Authentication and security
This page covers authentication options for securing your Resonate Server and SDK connections.
Overview
Resonate supports two authentication methods:
- Token-based authentication (recommended) - JWT bearer tokens for modern, stateless auth
- Basic authentication - Username/password credentials for simpler setups
Authentication is optional by default but strongly recommended for production deployments.
Use token-based auth for production. It's more secure, easier to rotate, and doesn't require password management.
SDK Support Matrix
| Authentication Method | Server | TypeScript SDK | Python SDK |
|---|---|---|---|
| Token-based (JWT) | ✅ | ✅ | ❌ (planned) |
| Basic (username/password) | ✅ | ✅ | ✅ |
The Python SDK currently only supports basic authentication. Token-based auth support is planned for a future release.
Token-based authentication
Token-based authentication uses JWT bearer tokens in the Authorization header. This is the recommended approach for production deployments.
Server configuration
Enable token authentication by setting the token configuration option:
api:
http:
token: "your-secure-token-here"
Or via environment variable:
export RESONATE_TOKEN="your-secure-token-here"
resonate serve --config resonate.yaml
- Generate a strong, random token for production (minimum 32 characters recommended)
- Store tokens securely (environment variables, secrets manager, etc.)
- Rotate tokens periodically
- Never commit tokens to version control
TypeScript SDK
Configure the SDK to use token authentication:
import { Resonate } from "@resonatehq/sdk";
const resonate = new Resonate({
url: "http://localhost:8001",
token: process.env.RESONATE_TOKEN, // Load from environment
});
With TypeScript, tokens are passed as Bearer tokens in the Authorization header automatically.
Example: Secure production setup
import { Resonate } from "@resonatehq/sdk";
// Load token from environment or secrets manager
const token = process.env.RESONATE_TOKEN;
if (!token) {
throw new Error("RESONATE_TOKEN environment variable is required");
}
const resonate = new Resonate({
url: process.env.RESONATE_URL || "http://localhost:8001",
token: token,
timeout: 30000, // 30 second timeout
});
export default resonate;
Python SDK
Token-based authentication is not yet supported in the Python SDK. Use basic authentication instead (see below).

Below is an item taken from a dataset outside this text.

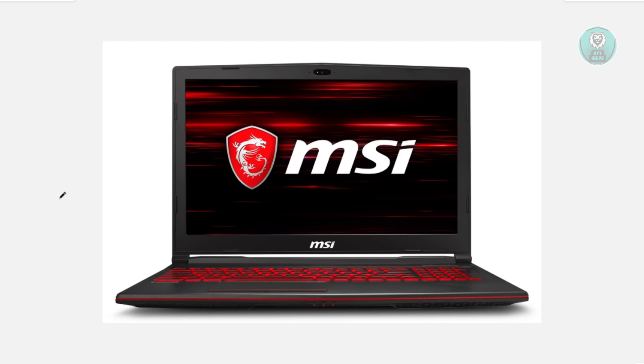Once you've done that, go ahead and power off your laptop. You could go ahead and use Windows to turn it off that way, or use your power button to just turn it off.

We recommend monitoring the Python SDK releases for updates on token auth support.
Basic authentication
Basic authentication uses username and password credentials encoded in the Authorization header. While simpler to set up, it requires credential management and is less flexible than token-based auth.
Server configuration
Enable basic authentication by setting username/password pairs:
api:
http:
auth:
user1: "password1"
user2: "password2"
Or via command-line flags:
resonate serve --auth user1=password1 --auth user2=password2
When basic auth is enabled, gRPC is automatically disabled for security reasons. If you need gRPC, consider using token-based authentication or a reverse proxy with auth.
TypeScript SDK
import { Resonate } from "@resonatehq/sdk";
const resonate = new Resonate({
url: "http://localhost:8001",
auth: {
username: process.env.RESONATE_USERNAME,
password: process.env.RESONATE_PASSWORD,
},
});
Python SDK
import os
from resonate import Resonate
resonate = Resonate(
url="http://localhost:8001",
auth=(os.getenv("RESONATE_USERNAME"), os.getenv("RESONATE_PASSWORD")),
)
The Python SDK uses a tuple (username, password) for basic auth credentials.
Environment variables
The Python SDK automatically reads credentials from environment variables if not explicitly provided:
export RESONATE_USERNAME="user1"
export RESONATE_PASSWORD="password1"
from resonate import Resonate
# Will automatically use RESONATE_USERNAME and RESONATE_PASSWORD
resonate = Resonate(url="http://localhost:8001")
Production best practices
Token management
- Generate strong tokens - Use cryptographically secure random tokens (32+ characters)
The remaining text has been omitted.